Airline apologizes for foisting unsolicited Daddio dick pic on innocent passengers

A Qantas Airlines flight from Sydney to Tokyo was scandalized after being forced to view the R-rated Dakota Johnson movie

Airline apologizes for foisting unsolicited Daddio dick pic on innocent passengers

Oopsies! Qantas Airlines has been forced to apologize after subjecting an entire plane full of people to the Dakota Johnson/Sean Penn two-hander film Daddio. It’s charming to imagine the apology was prompted by the quality of the movie, which The A.V. Club gave a C grade. But no, passengers on the flight from Sydney, Australia to Tokyo, Japan were concerned not because the movie was “intriguing if altogether unsatisfying” (in the words of A.V. Club reviewer Manuel Betancourt), but because the R-rated movie film is decidedly inappropriate for certain audiences. 

The journey to Daddio—a journey that, surely, not many have taken—is a comedy of errors. According to The Guardian, the in-flight entertainment system was broken and not allowing people to select individual movies at their seats. So at the request of “some passengers,” as The Guardian puts it, the flight crew decided to play Daddio on every single screen in the plane. Why this consortium chose Daddio rather than literally any other movie that would’ve been both more appropriate and less obscure remains a mystery. But Daddio apparently played for almost an hour, and the entertainment system glitch reportedly meant that the passengers couldn’t turn their screens off, dim the lights, or do anything else to avoid scenes that include “brief graphic nudity” (as described by Daddio‘s MPAA rating) and explicit sexual text messages. That includes a dick pic and the NSFW (or plane) phrases “Help me cum” and “Cock so hard.”

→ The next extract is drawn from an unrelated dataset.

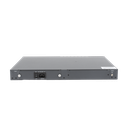OLT de 16 puertos EPON con 12 puertos Uplink (4 puertos Gigabit Ethernet + 4 puertos SFP + 4 puertos SFP+) , hasta 1,024 ONUS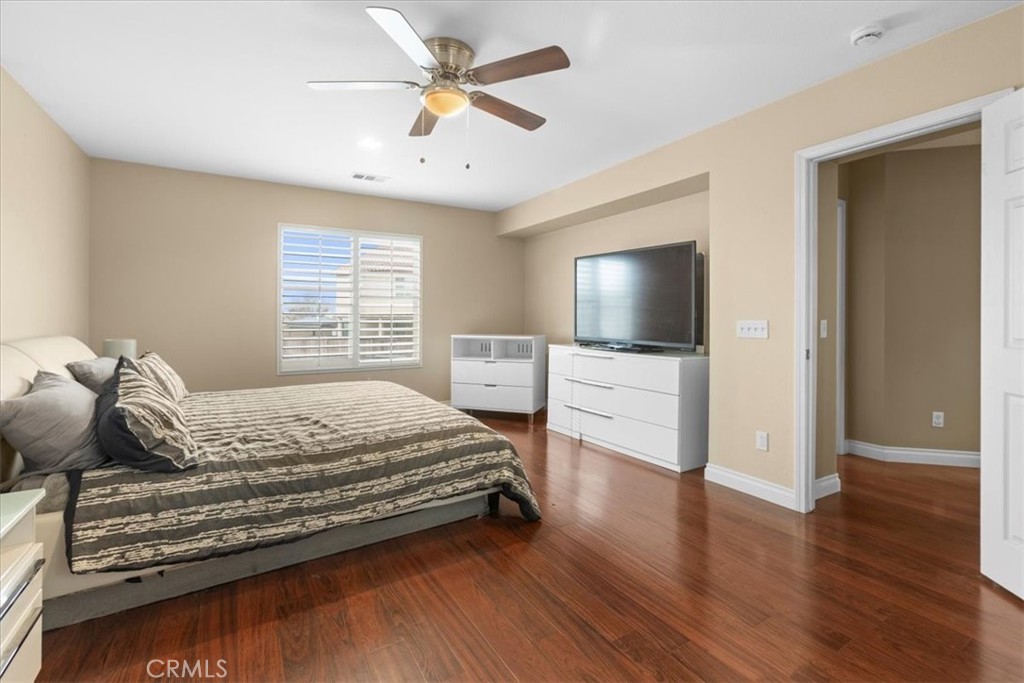 16524 Hastings Place Property Photo 21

Following the flight, a spokesperson for Quantas released a statement (via The Guardian) saying, “The movie was clearly not suitable to play for the whole flight and we sincerely apologize to customers for this experience. All screens were changed to a family-friendly movie for the rest of the flight, which is our standard practice for the rare cases where individual movie selection isn’t possible. We are reviewing how the movie was selected.”

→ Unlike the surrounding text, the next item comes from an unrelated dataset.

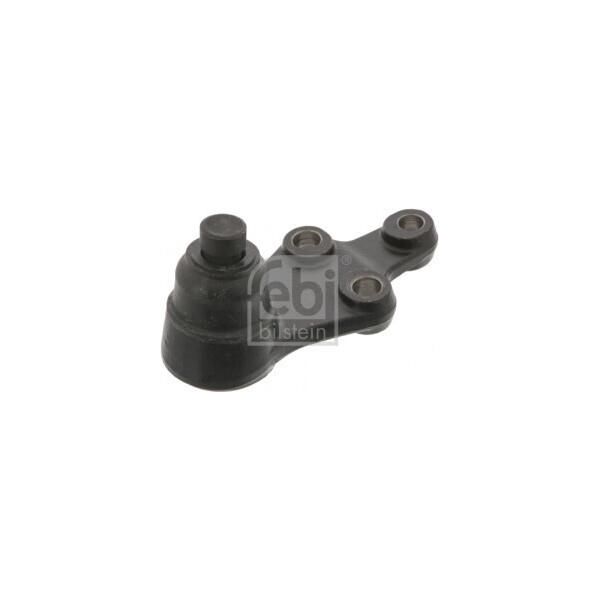 Febi Bilstein 41801 - Oe 54530 3J000 Giunto Di Supporto Per Ix55-image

Unfortunately, the switch to a family-friendly movie clearly came too late for the passengers who now have to have a conversation with their young kids about the dangers of sexting. A passenger cited by The Guardian who later posted about the experience on social media said there were “audible gasps” when the nudity appeared on screen. The passenger added, “[The film] was featuring Dakota Johnson and I really thought they were playing Madame Web or something—I honestly don’t know if that would’ve been worse.” Zing!